First UK permanent installation for PM1D
When the Cadogan Hall in London’s Chelsea recently underwent a £24 million extensive and extremely elegant refit, Wakefield based Futurist Projects were invited to design and install a complete technical infrastructure in the Grade 1 listed building.
“We couldn’t turn down such an exciting project,” said Michael Lister, Managing Director of Futurist, a company with a reputation for excelling in undertaking out of the ordinary installations and providing innovative solutions to challenging technical problems.
“One of the reasons we took on the project was because the client was willing to invest in the latest and best technology which allowed our consultant associate, Richard Northwood, to approach the installation in an imaginative way,” said Lister who co-ordinated and managed the project overall. The client’s approach to quality allowed Lister to chose the highest quality equipment for sound, lighting and AV.

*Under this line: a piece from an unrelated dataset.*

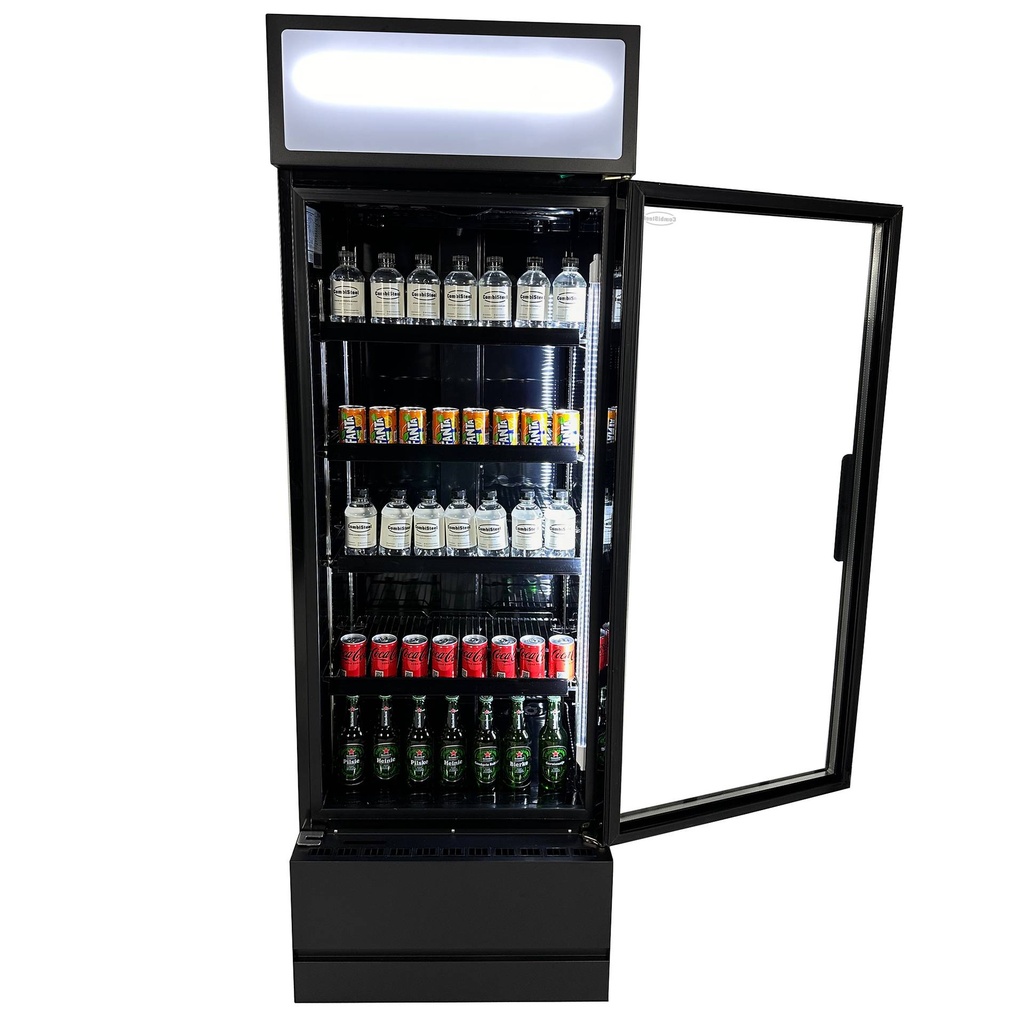 Kühlschrank Glastür, 610 x 610 x 1973 mm, 360 L, schwarz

To ensure the smooth running of the project Futurist liaised closely with the main building contractors Walter Lily & Co., architects Paul Davis & Partners, and the Hall’s owners The Cadogan Estate, for whom the development was being carried out.
Little surprise then that Lister chose a Yamaha PM1D digital mixing desk for Front of House. This is the first time in the UK that a PM1D has been installed as a fixed installation. “We chose the PM1D because we know it’s one of the best digital mixing desks in its class and would be ideal for existing and future audio needs,” said Lister. Integrated into the PM1D layout design was an Optocore fibre optic digital link system to provide fibre optic links to on-stage socket boxes and to back-of-house enabling the PM1D to hook up with monitors or recording desks.
The 900-seat hall, which has been carefully designed to be multi-functional - it will be used for concerts, recording sessions, rehearsals and community work – and will also be the new home to the Royal Philharmonic Orchestra, its first permanent home for 60 years. A mere 100 years old this year, the Cadogan Hall is a former Christian Scientist Church.
Yamaha is certainly in prestigious company.